The option xattr=off is not enforced

[johandorland]

In a setup where we use ZoL we decided to turn extended attributes off, since we encountered quite a lot of problems with it. (including what I suspect is also #2214)

However, when turning xattr off I noticed that extended attributes were still copied over when copying data from a dataset where extended attributes were enabled, to a dataset where extended attributes were disabled explicitely. It was still possible to set new extended attributes, while we explicitely turned this off.

It seems very easy to reproduce, this test was done on a clean CentOS 6.5 installation with ZOL 0.6.3. Something I also noticed is when setting xattr=off, the dataset was not remounted, and mount still showed xattr in the mount options.

[root@localhost /]# zpool create storage /dev/sda2
[root@localhost /]# zfs create storage/testing
[root@localhost /]# zfs set xattr=off storage/testing
[root@localhost /]# mount
/dev/sda1 on / type ext4 (rw)
proc on /proc type proc (rw)
sysfs on /sys type sysfs (rw)
devpts on /dev/pts type devpts (rw,gid=5,mode=620)
tmpfs on /dev/shm type tmpfs (rw)
none on /proc/sys/fs/binfmt_misc type binfmt_misc (rw)
storage on /storage type zfs (rw,xattr)
storage/testing on /storage/testing type zfs (rw,xattr)
[root@localhost /]# zfs unmount storage
[root@localhost /]# zfs mount storage
[root@localhost /]# zfs mount storage/testing
[root@localhost /]# mount
/dev/sda1 on / type ext4 (rw)
proc on /proc type proc (rw)
sysfs on /sys type sysfs (rw)
devpts on /dev/pts type devpts (rw,gid=5,mode=620)
tmpfs on /dev/shm type tmpfs (rw)
none on /proc/sys/fs/binfmt_misc type binfmt_misc (rw)
storage on /storage type zfs (rw,xattr)
storage/testing on /storage/testing type zfs (rw,noxattr)
[root@localhost testing]# touch /storage/testing/file
[root@localhost testing]# setfattr -n security.selinux -v test /storage/testing/file
[root@localhost testing]# getfattr -n security.selinux /storage/testing/file
getfattr: Removing leading '/' from absolute path names
# file: storage/testing/file
security.selinux="test"

I quickly looked how btrfs (and probably other file systems) handle this, and it is still possible to read extended attributes, if the file system is mounted with the option noxattr, but setting attributes will result in the error:

setfattr: file: Operation not permitted

However when using ZoL, xattr=off seems purely a cosmectical option, since it does not actually enforce that extended attributes are disabled.

[dweeezil]

@johandorland Security attributes are always allowed. You'd get an error if you tried setting "user.whatever". AFAIK, this is how other native xattr-supporting filesystems work.

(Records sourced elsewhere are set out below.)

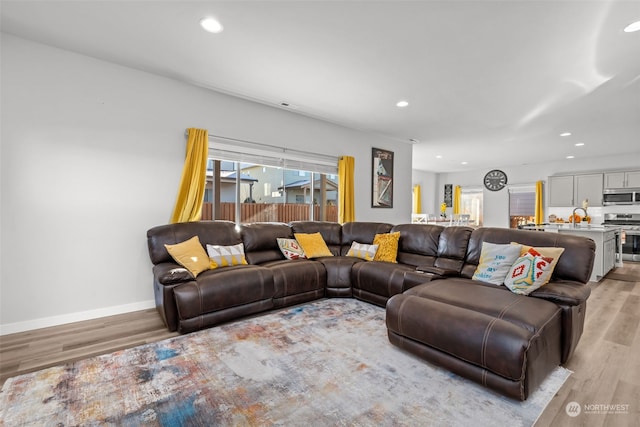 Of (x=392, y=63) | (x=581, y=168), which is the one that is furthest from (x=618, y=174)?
(x=392, y=63)

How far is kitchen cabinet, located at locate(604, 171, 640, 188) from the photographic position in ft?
23.0

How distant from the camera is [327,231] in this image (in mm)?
4422

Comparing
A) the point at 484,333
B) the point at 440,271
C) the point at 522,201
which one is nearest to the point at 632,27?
the point at 440,271

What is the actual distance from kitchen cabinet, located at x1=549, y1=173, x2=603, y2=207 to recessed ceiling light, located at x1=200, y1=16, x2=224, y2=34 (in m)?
9.39

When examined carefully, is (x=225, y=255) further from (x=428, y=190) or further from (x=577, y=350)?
(x=428, y=190)

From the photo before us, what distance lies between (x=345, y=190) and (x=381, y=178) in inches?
45.5

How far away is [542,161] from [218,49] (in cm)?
918

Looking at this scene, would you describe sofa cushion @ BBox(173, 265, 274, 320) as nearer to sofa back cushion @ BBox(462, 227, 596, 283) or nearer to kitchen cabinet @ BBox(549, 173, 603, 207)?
sofa back cushion @ BBox(462, 227, 596, 283)

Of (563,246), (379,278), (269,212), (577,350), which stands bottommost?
(577,350)

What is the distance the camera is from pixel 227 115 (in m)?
3.99

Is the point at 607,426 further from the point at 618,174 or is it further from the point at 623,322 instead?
the point at 618,174

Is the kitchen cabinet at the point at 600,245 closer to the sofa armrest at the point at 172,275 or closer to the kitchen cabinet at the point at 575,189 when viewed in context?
the kitchen cabinet at the point at 575,189

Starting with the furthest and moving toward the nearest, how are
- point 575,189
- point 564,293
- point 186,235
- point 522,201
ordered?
point 522,201
point 575,189
point 186,235
point 564,293

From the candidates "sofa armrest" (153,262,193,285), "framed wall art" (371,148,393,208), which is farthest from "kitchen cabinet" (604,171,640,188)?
"sofa armrest" (153,262,193,285) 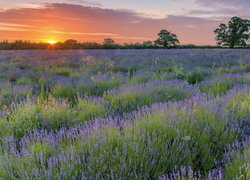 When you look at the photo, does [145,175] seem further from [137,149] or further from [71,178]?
[71,178]

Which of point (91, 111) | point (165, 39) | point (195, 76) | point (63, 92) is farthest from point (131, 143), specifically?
point (165, 39)

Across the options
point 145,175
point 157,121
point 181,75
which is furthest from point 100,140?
point 181,75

The "noxattr" mount option shown when mounting a ZFS file system with xattr=off is somewhat bogus and is arguably a bug because it's actually a valid (file system independent) mount option.

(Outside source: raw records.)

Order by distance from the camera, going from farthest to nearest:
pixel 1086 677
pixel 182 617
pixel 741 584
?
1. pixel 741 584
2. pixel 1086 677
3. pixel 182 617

Xattr-supporting native file systems do, however, suppport the "user_xattr" and "nouser_xattr" mount options and I've got no idea whether those would work properly with ZoL.

As to your original problem, were you using xattr=sa? If so, and if you wound up with any corrupted SAs in your file system, the only way to fix it is to copy all the files to a brand new file system running on 0.6.3 which should have fixed the relevant SA bugs.

[johandorland]

@dweeezil It seems that you are indeed right. I did not expect this behaviour, so I thought it was a bug of ZoL, but it seems that I was wrong and it is the expected behaviour.

And indeed as to my original problem we used xattr=sa. We solved the problem however by not using selinux anymore and it has been working fine ever since.